Figure 2 Different languages. Machine proofs (right) can look very different from "human" versions.

Over a period of 4 years, a team of 12 referees wrestled with the lengthy paper and eventually raised a white flag. They informed the editor that they were only "99 percent" certain that it was correct. In particular, they could not vouch for the validity of the lengthy computer calculations that were essential to Hales's proof. The editor took the unprecedented step of publishing the article with a disclaimer that it could not be absolutely verified (Science, 7 March 2003, p. 1513).

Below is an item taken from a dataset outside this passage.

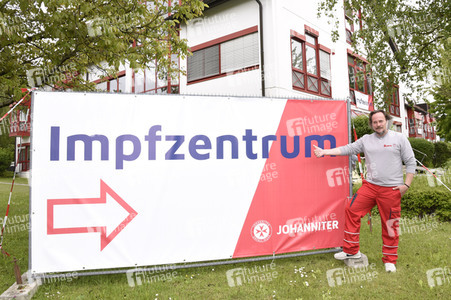 Impfzentrum der Johanniter in Oberhaching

It is a scenario that has repeated itself, with variations, several times in recent years: A high-profile problem is solved with an extraordinarily long and difficult megaproof, sometimes relying heavily on computer calculation and often leaving a miasma of doubt behind it. In 1976, the Four Color Theorem started the trend, with a proof based on computer calculations so lengthy that no human could hope to follow them. The classification of finite simple groups, a 10,000-page multiauthor project, was completed (sort of) in 1980 but had to be recompleted last year. "We've arrived at a strange place in mathematics," says David Goldschmidt of the Institute for Defense Analyses in Alexandria, Virginia, one of the collaborators on the finite simple group proof. "When is a proof really a proof? There's no absolute standard." Goldschmidt thinks the traditional criterion--review by a referee (or team of them)--breaks down when a paper reaches hundreds or thousands of pages.

The computer--which at first sight seems to be part of the problem--may also be the solution. In the past few months, software packages called "proof assistants," which go through every step of a carefully written argument and check that it follows from the axioms of mathematics, have served notice that they are no longer toys. Last fall, Jeremy Avigad, a professor of philosophy at Carnegie Mellon University, used a computer assistant called Isabelle to verify the Prime Number Theorem, which (roughly speaking) describes the probability that a randomly chosen number in any interval is prime. And in December, Georges Gonthier, a computer scientist at Microsoft Research Cambridge, announced a successful verification of the proof of the Four Color Theorem, using a proof assistant called Coq. "It's finally getting to the stage where you can do serious things with these programs," says Avigad.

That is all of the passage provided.